We already knew there were U.S. drones over Baghdad, but now we know there are armed ones.
PENTAGON SPOKESPERSON REAR ADM. JOHN KIRBY: "We have a job. We have a job to be prepared and to plan for all options." (Via CNN)
All options, except now the Pentagon says the drones are mainly meant to protect U.S. advisers that are working inside the city.
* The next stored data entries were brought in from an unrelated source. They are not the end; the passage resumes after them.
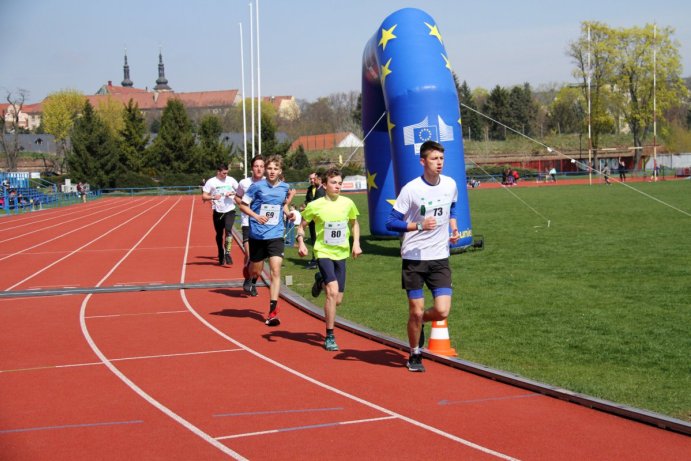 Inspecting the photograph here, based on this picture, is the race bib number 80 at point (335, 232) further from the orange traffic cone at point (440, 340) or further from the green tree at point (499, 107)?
the green tree at point (499, 107)

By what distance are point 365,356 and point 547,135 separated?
107 meters

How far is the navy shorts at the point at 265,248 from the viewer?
1075 centimetres

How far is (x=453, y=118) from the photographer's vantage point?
57.0 feet

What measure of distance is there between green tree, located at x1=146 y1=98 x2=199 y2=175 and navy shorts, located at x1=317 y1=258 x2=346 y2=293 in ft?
233

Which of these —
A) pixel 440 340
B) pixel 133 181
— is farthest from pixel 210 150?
pixel 440 340

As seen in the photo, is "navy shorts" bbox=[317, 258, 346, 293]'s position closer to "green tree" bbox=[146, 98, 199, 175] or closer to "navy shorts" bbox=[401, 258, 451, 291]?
"navy shorts" bbox=[401, 258, 451, 291]

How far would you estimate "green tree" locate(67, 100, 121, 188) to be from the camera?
2906 inches

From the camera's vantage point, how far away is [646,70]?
7419cm

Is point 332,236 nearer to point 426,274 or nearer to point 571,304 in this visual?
point 426,274

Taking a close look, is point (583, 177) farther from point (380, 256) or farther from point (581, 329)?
point (581, 329)

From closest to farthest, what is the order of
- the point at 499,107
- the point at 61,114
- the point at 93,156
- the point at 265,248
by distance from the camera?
1. the point at 265,248
2. the point at 93,156
3. the point at 61,114
4. the point at 499,107

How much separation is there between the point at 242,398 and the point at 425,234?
7.20 feet

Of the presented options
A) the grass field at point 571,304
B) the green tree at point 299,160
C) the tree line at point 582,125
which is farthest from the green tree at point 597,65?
the grass field at point 571,304

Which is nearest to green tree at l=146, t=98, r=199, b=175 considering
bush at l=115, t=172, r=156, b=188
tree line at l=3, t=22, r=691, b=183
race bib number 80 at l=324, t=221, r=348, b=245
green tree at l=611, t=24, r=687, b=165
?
tree line at l=3, t=22, r=691, b=183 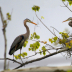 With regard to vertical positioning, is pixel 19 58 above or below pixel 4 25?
below

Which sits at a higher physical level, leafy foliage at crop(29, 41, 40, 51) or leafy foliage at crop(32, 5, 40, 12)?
leafy foliage at crop(32, 5, 40, 12)

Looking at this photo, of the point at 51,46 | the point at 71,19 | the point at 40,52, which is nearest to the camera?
the point at 40,52

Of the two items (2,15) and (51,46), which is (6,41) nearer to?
(2,15)

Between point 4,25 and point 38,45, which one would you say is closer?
point 4,25

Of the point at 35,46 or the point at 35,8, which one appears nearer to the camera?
the point at 35,46

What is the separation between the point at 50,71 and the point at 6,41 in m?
0.74

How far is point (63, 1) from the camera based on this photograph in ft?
5.49

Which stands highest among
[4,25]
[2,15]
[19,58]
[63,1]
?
[63,1]

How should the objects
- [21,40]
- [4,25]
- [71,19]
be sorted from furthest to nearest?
[71,19] < [21,40] < [4,25]

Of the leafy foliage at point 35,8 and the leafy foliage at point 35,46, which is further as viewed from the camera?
the leafy foliage at point 35,8

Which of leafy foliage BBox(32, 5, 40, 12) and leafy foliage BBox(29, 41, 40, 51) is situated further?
leafy foliage BBox(32, 5, 40, 12)

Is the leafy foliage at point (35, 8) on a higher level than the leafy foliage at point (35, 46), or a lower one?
higher

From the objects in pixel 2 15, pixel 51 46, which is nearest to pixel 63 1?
pixel 51 46

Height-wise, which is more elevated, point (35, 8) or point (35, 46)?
point (35, 8) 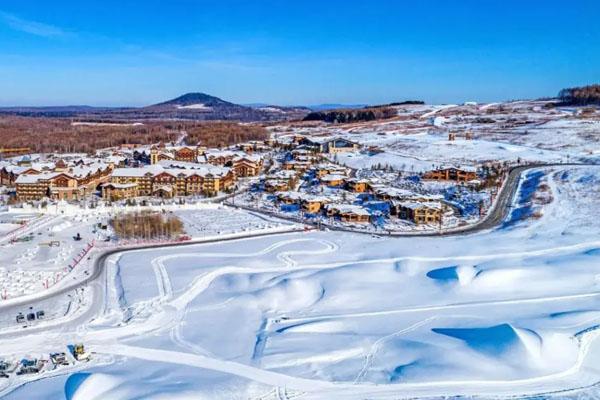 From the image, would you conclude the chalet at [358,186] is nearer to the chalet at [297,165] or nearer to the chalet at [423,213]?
the chalet at [423,213]

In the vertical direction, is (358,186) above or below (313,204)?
above

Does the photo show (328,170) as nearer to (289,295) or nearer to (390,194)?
(390,194)

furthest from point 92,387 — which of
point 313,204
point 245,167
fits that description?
point 245,167

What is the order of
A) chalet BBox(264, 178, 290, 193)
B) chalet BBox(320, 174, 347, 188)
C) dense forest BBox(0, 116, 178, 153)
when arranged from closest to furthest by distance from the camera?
chalet BBox(264, 178, 290, 193)
chalet BBox(320, 174, 347, 188)
dense forest BBox(0, 116, 178, 153)

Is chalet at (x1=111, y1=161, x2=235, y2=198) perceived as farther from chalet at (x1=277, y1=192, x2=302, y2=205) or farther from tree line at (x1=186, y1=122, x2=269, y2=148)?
tree line at (x1=186, y1=122, x2=269, y2=148)

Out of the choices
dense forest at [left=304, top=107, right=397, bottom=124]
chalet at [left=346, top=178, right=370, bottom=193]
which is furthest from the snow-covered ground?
dense forest at [left=304, top=107, right=397, bottom=124]

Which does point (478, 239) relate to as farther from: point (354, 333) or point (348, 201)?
point (354, 333)

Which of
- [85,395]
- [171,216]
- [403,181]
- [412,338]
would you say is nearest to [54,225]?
[171,216] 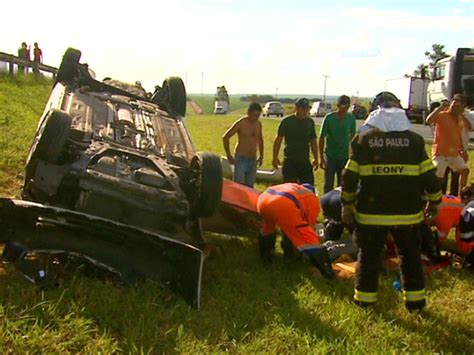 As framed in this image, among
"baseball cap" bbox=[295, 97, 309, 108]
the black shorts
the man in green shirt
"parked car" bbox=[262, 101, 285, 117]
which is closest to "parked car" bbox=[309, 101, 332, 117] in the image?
"parked car" bbox=[262, 101, 285, 117]

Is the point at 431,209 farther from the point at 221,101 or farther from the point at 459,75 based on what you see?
the point at 221,101

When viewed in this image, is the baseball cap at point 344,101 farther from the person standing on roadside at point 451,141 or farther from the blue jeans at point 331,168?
the person standing on roadside at point 451,141

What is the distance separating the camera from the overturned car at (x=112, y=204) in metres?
3.75

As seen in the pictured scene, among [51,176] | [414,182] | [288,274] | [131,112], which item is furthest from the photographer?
[131,112]

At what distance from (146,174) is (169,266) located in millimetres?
775

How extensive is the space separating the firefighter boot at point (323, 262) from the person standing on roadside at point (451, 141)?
317 centimetres

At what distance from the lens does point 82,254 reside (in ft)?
12.6

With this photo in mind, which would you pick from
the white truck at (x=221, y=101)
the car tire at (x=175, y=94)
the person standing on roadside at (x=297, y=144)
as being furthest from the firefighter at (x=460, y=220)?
the white truck at (x=221, y=101)

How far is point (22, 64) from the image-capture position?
1549cm

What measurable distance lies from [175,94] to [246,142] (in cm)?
102

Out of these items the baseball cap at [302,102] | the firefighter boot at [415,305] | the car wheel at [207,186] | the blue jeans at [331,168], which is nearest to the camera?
the firefighter boot at [415,305]

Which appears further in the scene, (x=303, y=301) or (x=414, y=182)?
(x=303, y=301)

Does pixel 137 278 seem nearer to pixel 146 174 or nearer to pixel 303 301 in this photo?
pixel 146 174

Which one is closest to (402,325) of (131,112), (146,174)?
(146,174)
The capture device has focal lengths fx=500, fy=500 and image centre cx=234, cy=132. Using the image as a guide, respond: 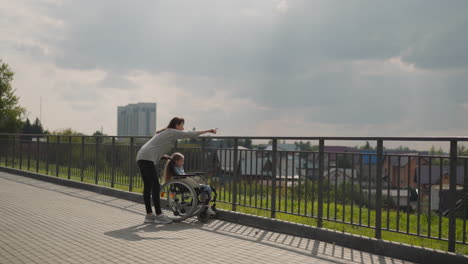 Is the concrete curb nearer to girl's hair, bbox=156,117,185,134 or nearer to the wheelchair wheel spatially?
the wheelchair wheel

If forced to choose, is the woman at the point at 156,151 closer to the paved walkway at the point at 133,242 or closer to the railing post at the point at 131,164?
the paved walkway at the point at 133,242

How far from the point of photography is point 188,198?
882cm

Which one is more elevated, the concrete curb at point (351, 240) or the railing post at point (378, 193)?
the railing post at point (378, 193)

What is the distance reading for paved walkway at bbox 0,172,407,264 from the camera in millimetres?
6012

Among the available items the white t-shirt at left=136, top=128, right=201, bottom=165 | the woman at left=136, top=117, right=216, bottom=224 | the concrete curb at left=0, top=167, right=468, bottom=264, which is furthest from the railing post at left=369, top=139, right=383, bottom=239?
the white t-shirt at left=136, top=128, right=201, bottom=165

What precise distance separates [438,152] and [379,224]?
1239 mm

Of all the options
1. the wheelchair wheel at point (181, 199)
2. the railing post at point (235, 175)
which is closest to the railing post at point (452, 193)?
the railing post at point (235, 175)

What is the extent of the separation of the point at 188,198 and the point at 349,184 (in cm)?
296

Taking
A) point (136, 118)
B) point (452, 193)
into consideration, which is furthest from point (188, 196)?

The drones' main mission is to gather information about where the enemy is located. (Via YouTube / AIRBOYD)
According to The New York Times, both manned and unmanned drones are already performing 40 surveillance flights each day.
This is happening just as some of the country's political leaders are trying to decide who should be the country's next prime minister before the parliament opens next week.
Observers are skeptical that Iraq's current Prime Minister Nouri al-Maliki is capable of saving the country from ISIS militants in the north. (Via RT)
So that begs the question — could those armed drones help in the Iraqi government's fight against ISIS? It's a question CNN posed to the Pentagon's press secretary — who gave a not-so-definite response.
KIRBY: "Well, that's not the goal right now." (Via CNN)
"Not the goal right now." Not really a yes or no, but so far the Pentagon is only describing the armed drones' mission as "force protection."
Any airstrikes that are not defensive will require President Obama's approval.